WHAT YOU HAVE TO DO:
For this exercise, retype all the data exactly and exclude every image.

**** EXTRACTED RECORDS ****

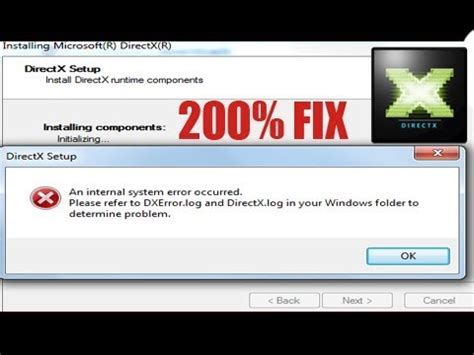 How To SOLVED DirectX Internal System Error Refer To Dxerror Log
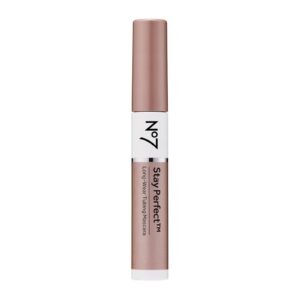No7 Stay Perfect Long-Wear Tubing Mascara tube, pink and white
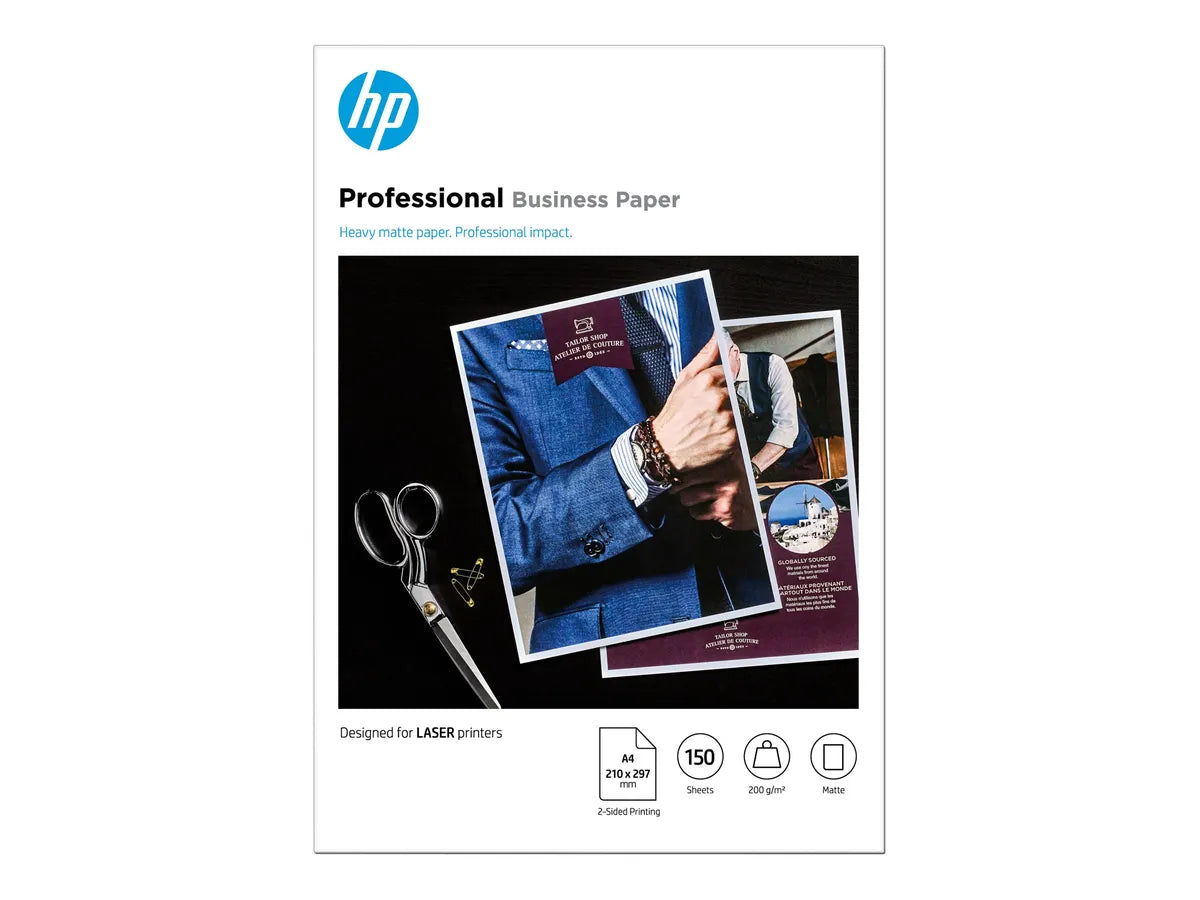 HP 7MV80A / Professional Matte Fotopapier (21 x 29,7cm (DIN A4), 150 Blatt, 200 g/m²)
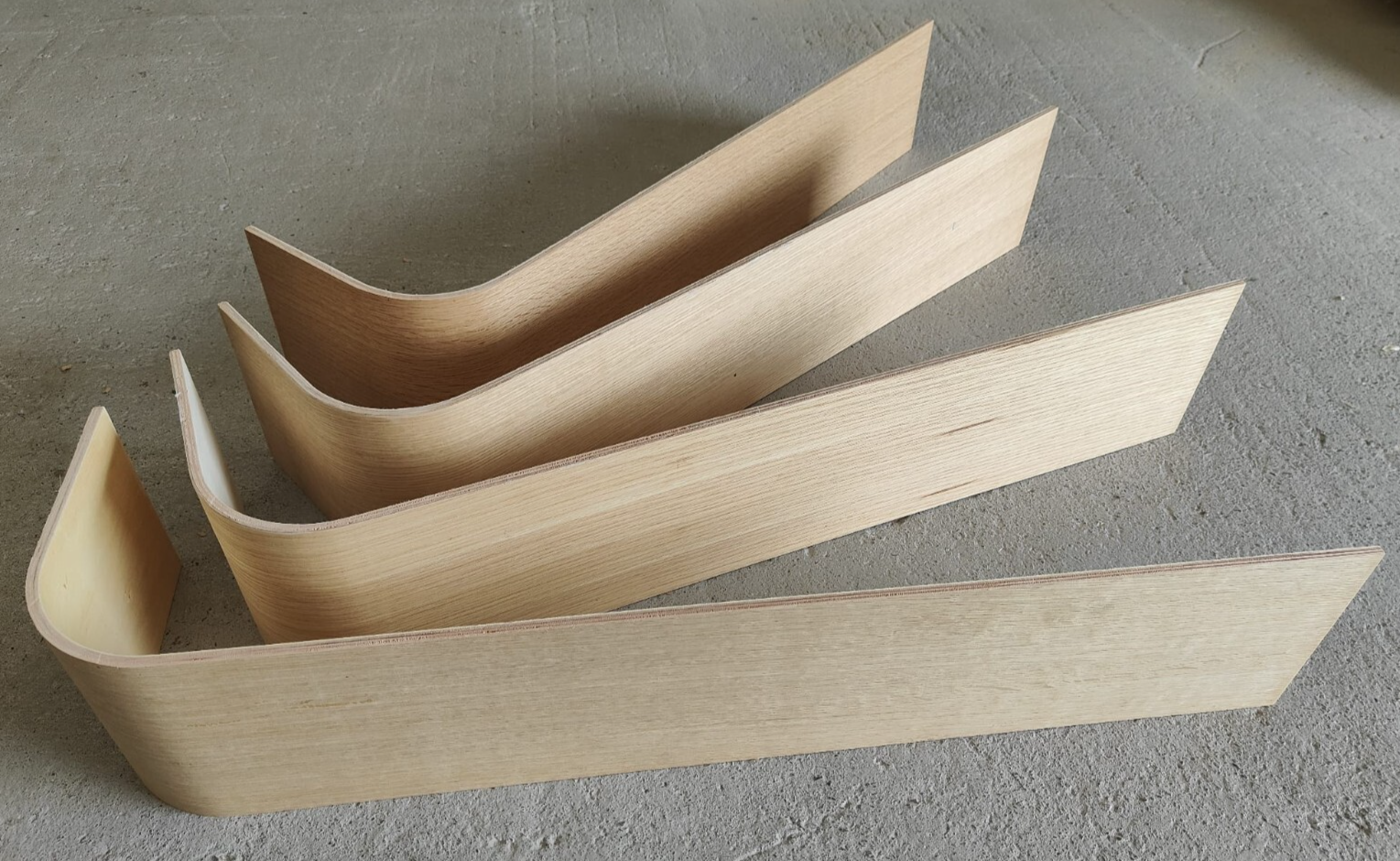 OAK Faced Bullnose Riser 200mm Rise Feature Tread for Staircase | eBay UK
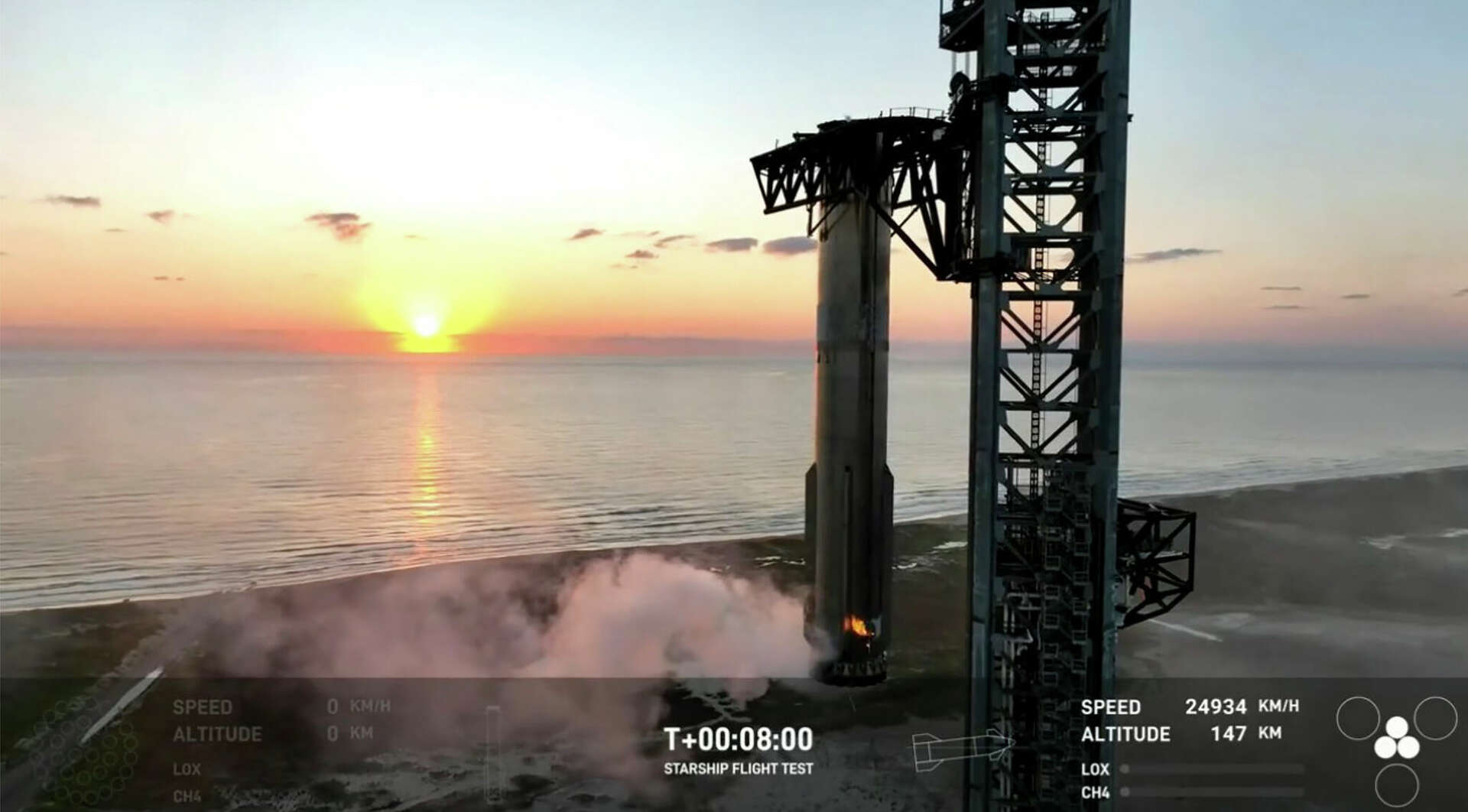 Spacex Launches Starship From South Texas Catches Lands Booster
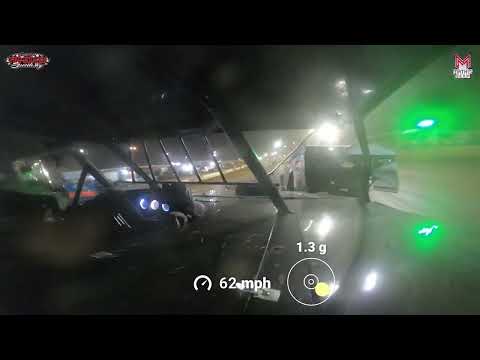 #53H Tye Hollingsworth - USRA B-Mod - 10-21-2023 Tri-State Speedway - In Car Camera - dirt track racing video image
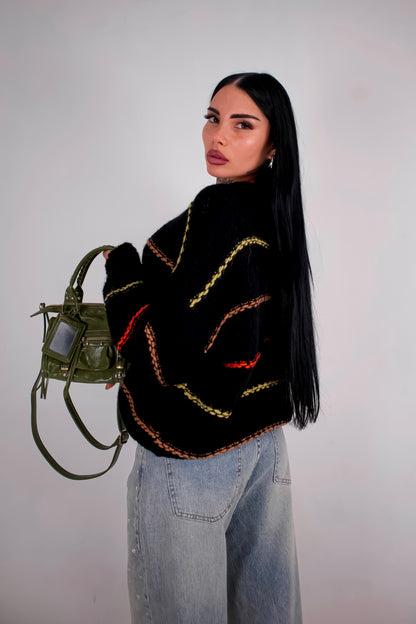Maglione Delicious - Nero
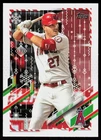 2021 Topps Holiday Mike Trout #HW27 BASEBALL CARD Los Angeles Angels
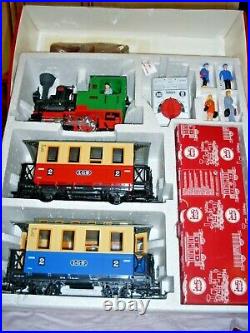 LGB Trains 72302 G Scale Passenger Starter Set with light, sound and smoke never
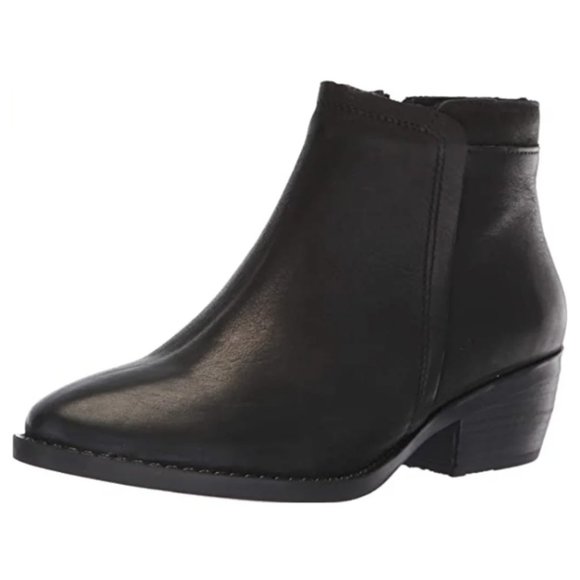 Eric Michael Shoes - NEW Eric Michael Women Hayley Black Above Ankle Zip Bootie Lined Low Block Heel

****

EXERCISE ANSWER:
 How To SOLVED DirectX Internal System Error Refer To Dxerror Log
No7 Stay Perfect Long-Wear Tubing Mascara tube, pink and white
 HP 7MV80A / Professional Matte Fotopapier (21 x 29,7cm (DIN A4), 150 Blatt, 200 g/m²)
 OAK Faced Bullnose Riser 200mm Rise Feature Tread for Staircase | eBay UK
 Spacex Launches Starship From South Texas Catches Lands Booster
 #53H Tye Hollingsworth - USRA B-Mod - 10-21-2023 Tri-State Speedway - In Car Camera - dirt track racing video image
Maglione Delicious - Nero
 2021 Topps Holiday Mike Trout #HW27 BASEBALL CARD Los Angeles Angels
 LGB Trains 72302 G Scale Passenger Starter Set with light, sound and smoke never
 Eric Michael Shoes - NEW Eric Michael Women Hayley Black Above Ankle Zip Bootie Lined Low Block Heel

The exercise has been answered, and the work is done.